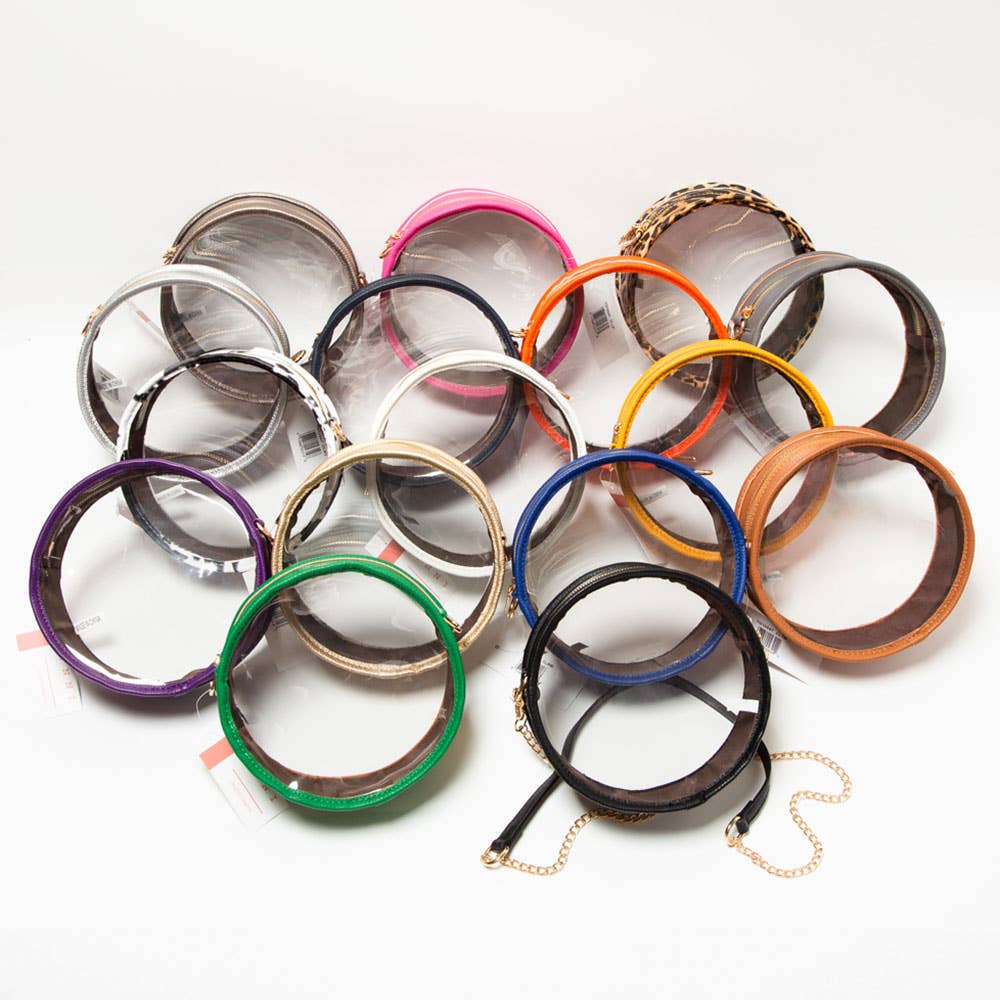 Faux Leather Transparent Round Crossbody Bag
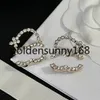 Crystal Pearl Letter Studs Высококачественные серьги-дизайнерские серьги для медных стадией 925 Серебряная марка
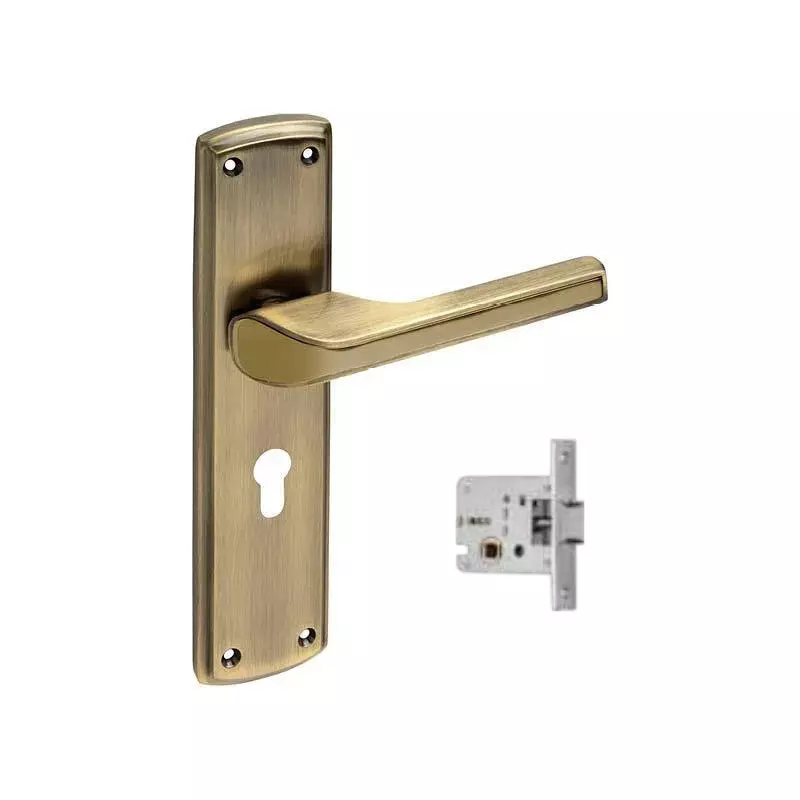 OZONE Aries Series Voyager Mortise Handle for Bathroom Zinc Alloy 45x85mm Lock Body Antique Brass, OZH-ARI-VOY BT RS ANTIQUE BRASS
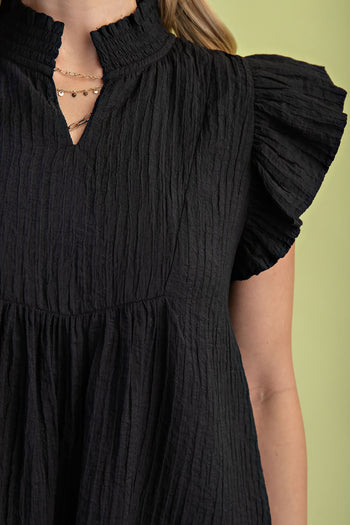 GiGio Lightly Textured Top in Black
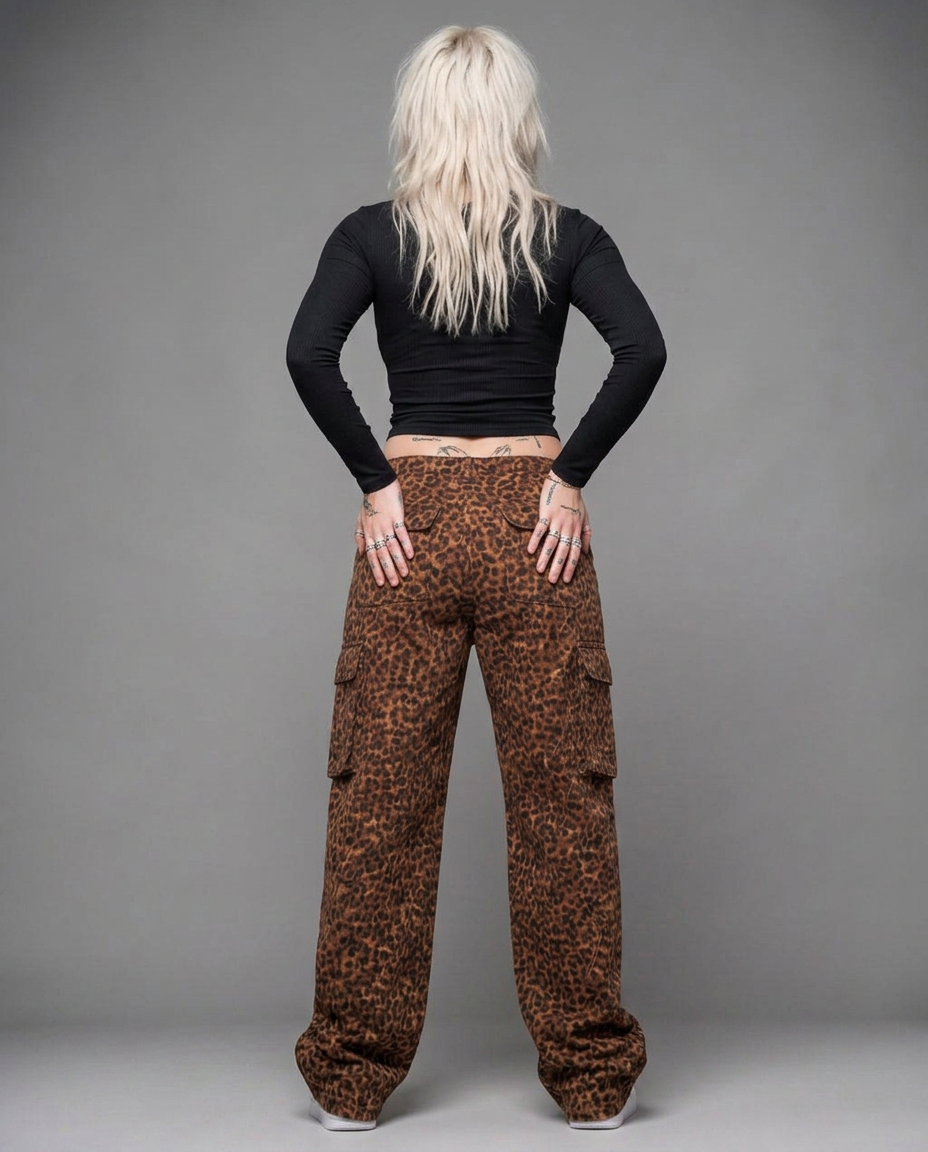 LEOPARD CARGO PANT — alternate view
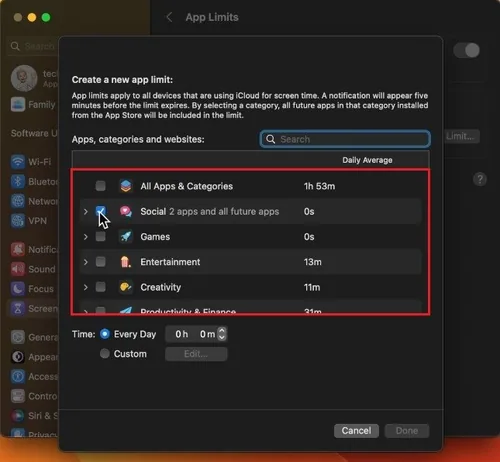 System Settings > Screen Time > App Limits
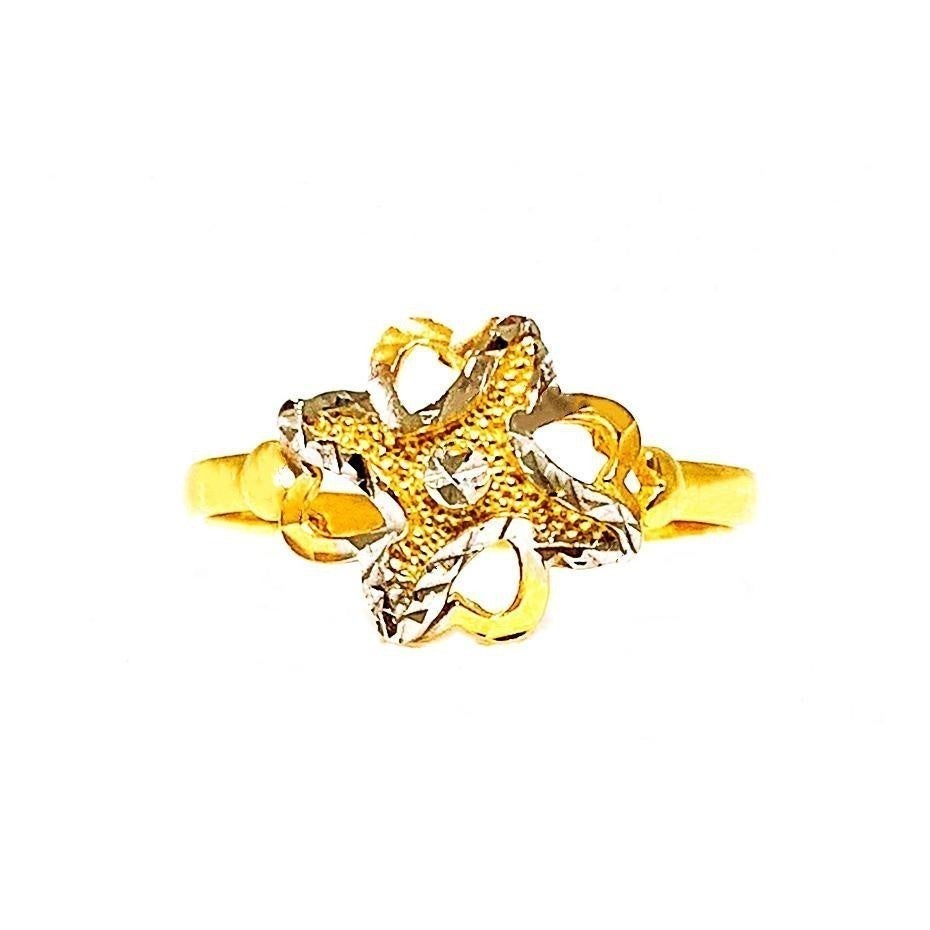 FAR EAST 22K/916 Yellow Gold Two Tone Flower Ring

+ + +

- What you have to do:
Leave out the pictures and copy the rest of the material above exactly.

- Reply:
 Faux Leather Transparent Round Crossbody Bag
 Crystal Pearl Letter Studs Высококачественные серьги-дизайнерские серьги для медных стадией 925 Серебряная марка
 OZONE Aries Series Voyager Mortise Handle for Bathroom Zinc Alloy 45x85mm Lock Body Antique Brass, OZH-ARI-VOY BT RS ANTIQUE BRASS
 GiGio Lightly Textured Top in Black
 LEOPARD CARGO PANT — alternate view
 System Settings > Screen Time > App Limits
 FAR EAST 22K/916 Yellow Gold Two Tone Flower Ring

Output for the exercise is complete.